| What needs to be done |
Pictures aside, restate the records below exactly as written.

Stored items from a collection
* * * *
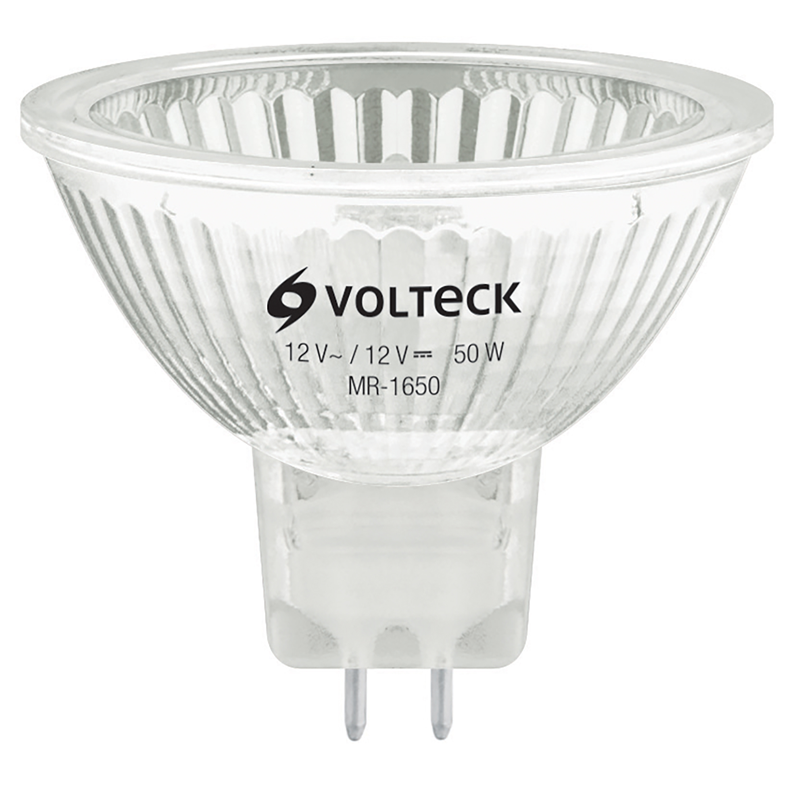 Lámpara de Halógeno Volteck, 50 W Tipo MR 16, Base GU5.3, TRUPER MR-1650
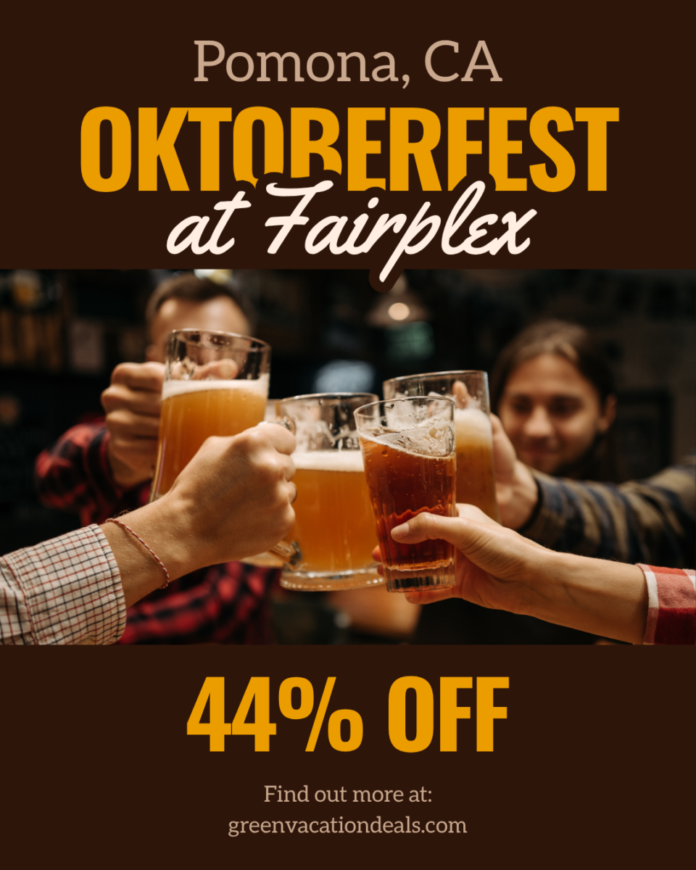 Coupons For 2026 Oktoberfest At Fairplex In Pomona Fairplex Oktoberfest Coupon: Save 44%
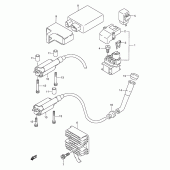 Схема вузла: Електроустаткування для Suzuki VZ800 Marauder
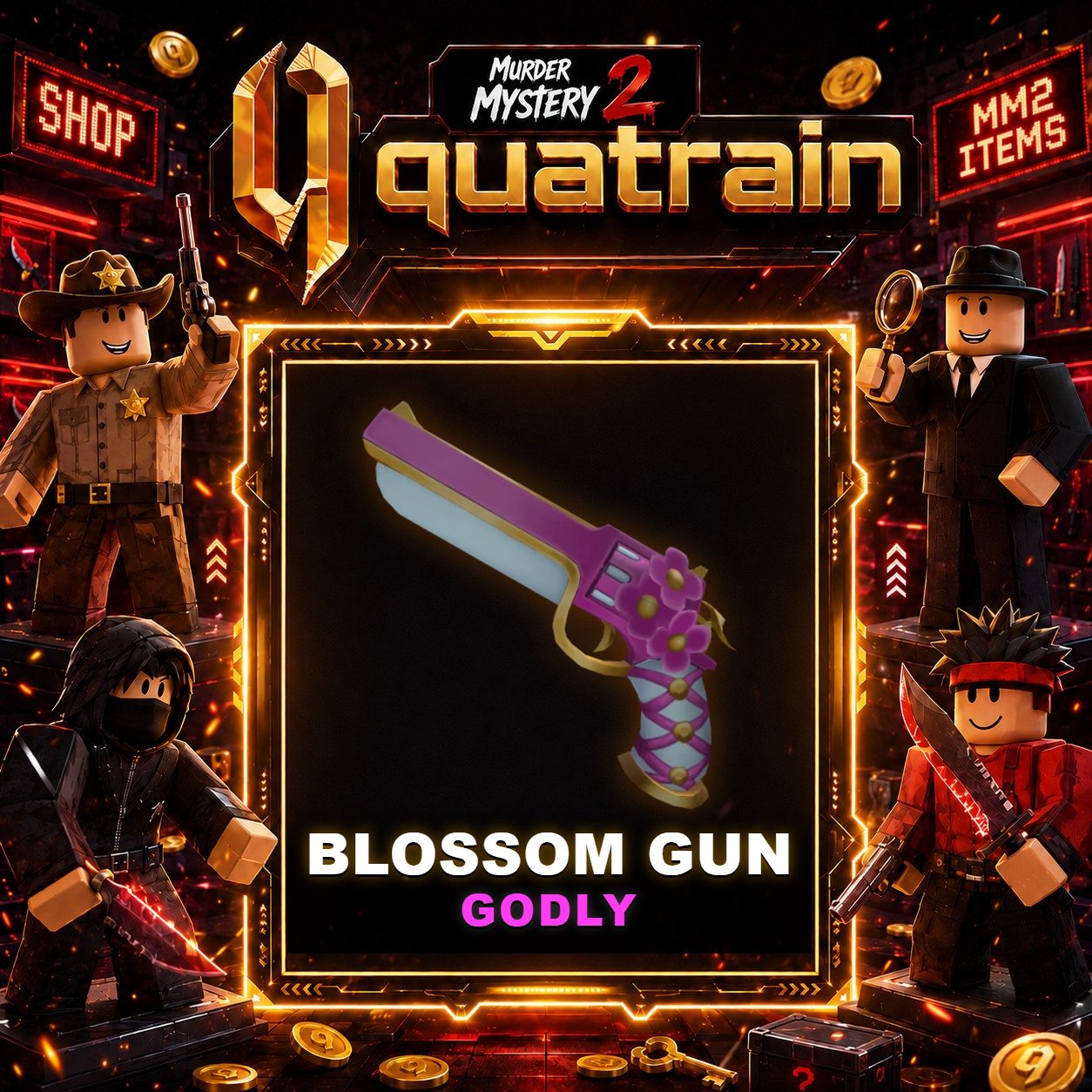 🔪🩸 Blossom Gun 🩸🔪 Godly | Murder Mystery 2 👥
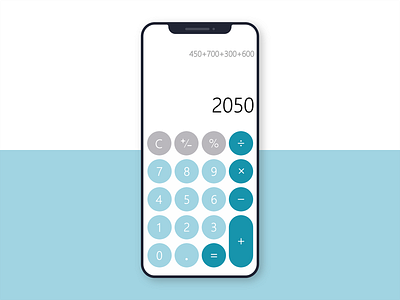 Daily UI #004 - Calculator calculator daily ui dailyui dailyui 004 minimal simple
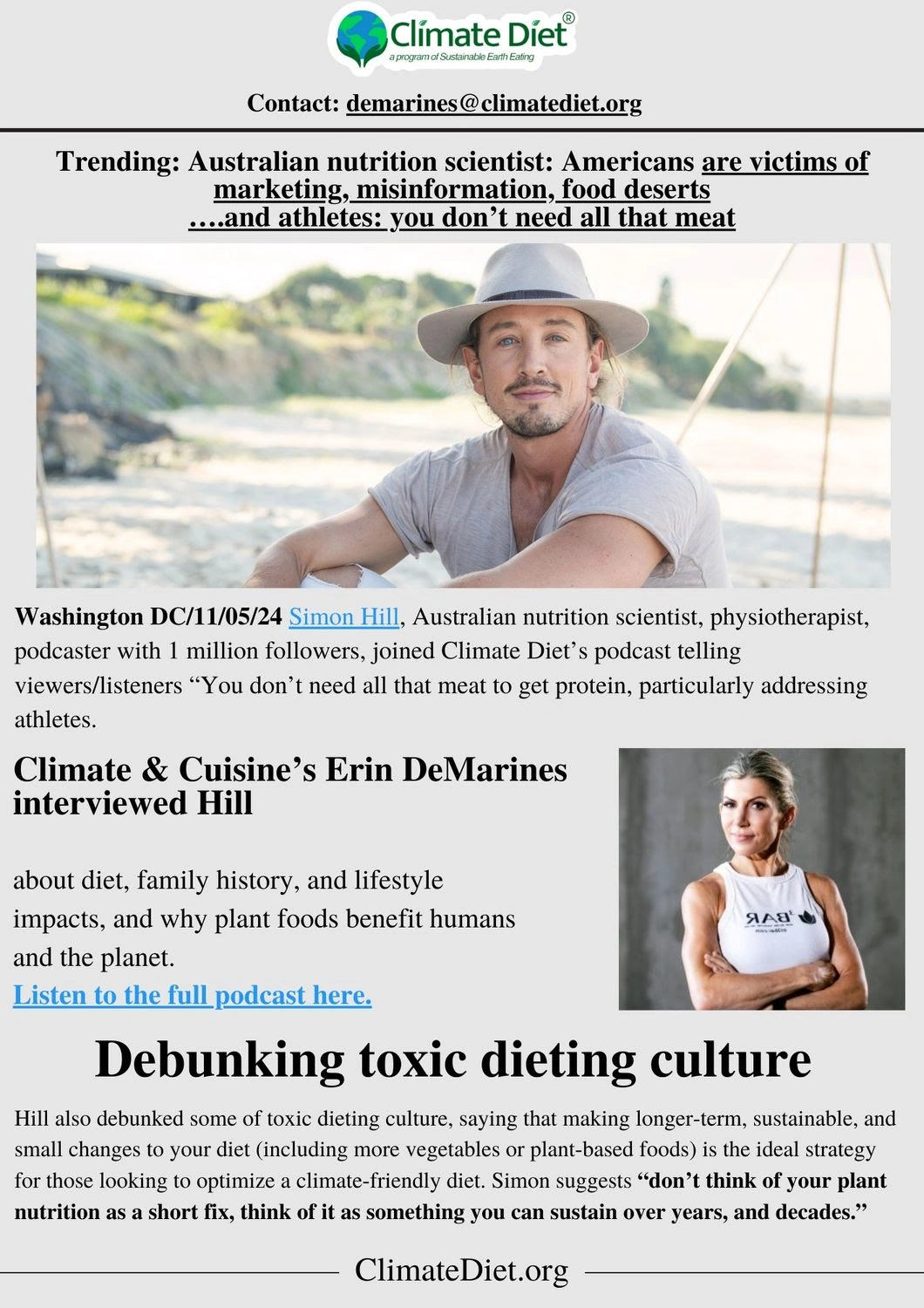 Australian nutrition scientist: Americans are victims of marketing, misinformation, food deserts …and athletes: you don’t need all that meat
* * * *
| Solved exercise |
 Lámpara de Halógeno Volteck, 50 W Tipo MR 16, Base GU5.3, TRUPER MR-1650
 Coupons For 2026 Oktoberfest At Fairplex In Pomona Fairplex Oktoberfest Coupon: Save 44%
 Схема вузла: Електроустаткування для Suzuki VZ800 Marauder
 🔪🩸 Blossom Gun 🩸🔪 Godly | Murder Mystery 2 👥
 Daily UI #004 - Calculator calculator daily ui dailyui dailyui 004 minimal simple
 Australian nutrition scientist: Americans are victims of marketing, misinformation, food deserts …and athletes: you don’t need all that meat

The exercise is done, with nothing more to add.